## Information supplied
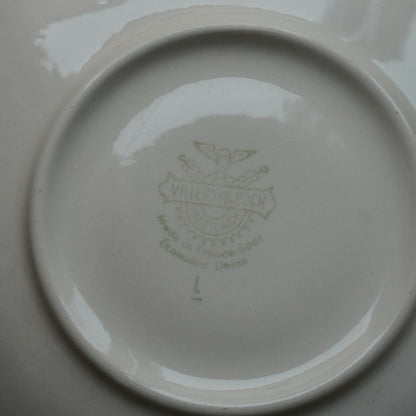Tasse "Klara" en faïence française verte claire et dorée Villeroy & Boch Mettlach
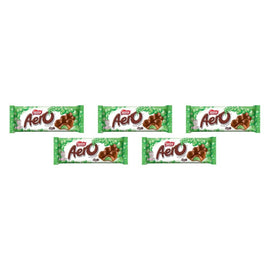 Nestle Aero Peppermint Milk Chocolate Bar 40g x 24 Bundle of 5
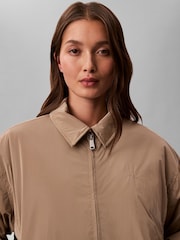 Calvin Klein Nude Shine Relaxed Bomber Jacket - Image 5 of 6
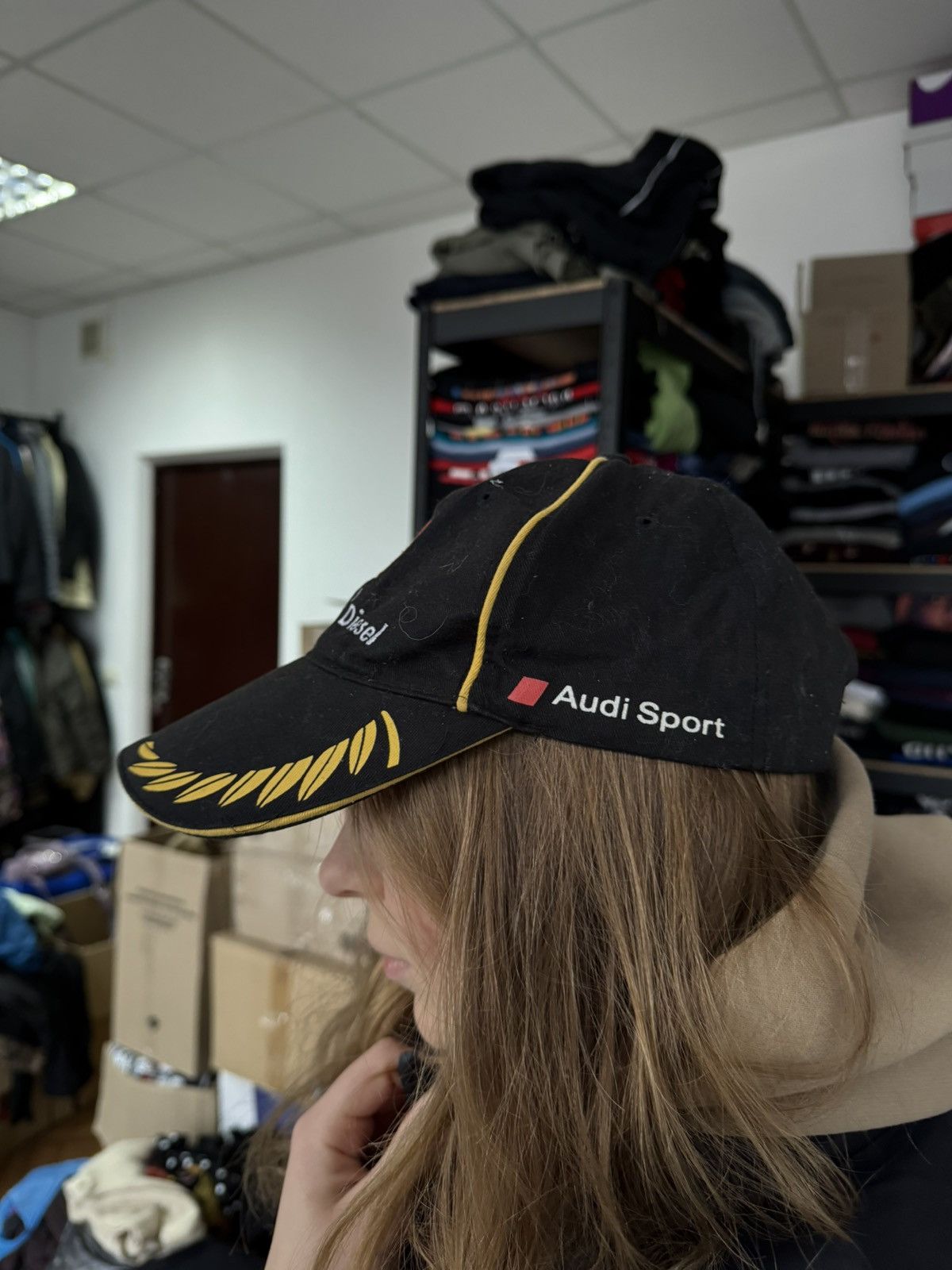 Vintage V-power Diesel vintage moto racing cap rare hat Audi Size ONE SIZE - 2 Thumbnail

## What you are asked to do
To complete this exercise, repeat exactly the lines above from the one holding "Nestle Aero Peppermint" to the end of the listing, both included, and leave the pictures out.

## Result of this exercise
 Nestle Aero Peppermint Milk Chocolate Bar 40g x 24 Bundle of 5
 Calvin Klein Nude Shine Relaxed Bomber Jacket - Image 5 of 6
 Vintage V-power Diesel vintage moto racing cap rare hat Audi Size ONE SIZE - 2 Thumbnail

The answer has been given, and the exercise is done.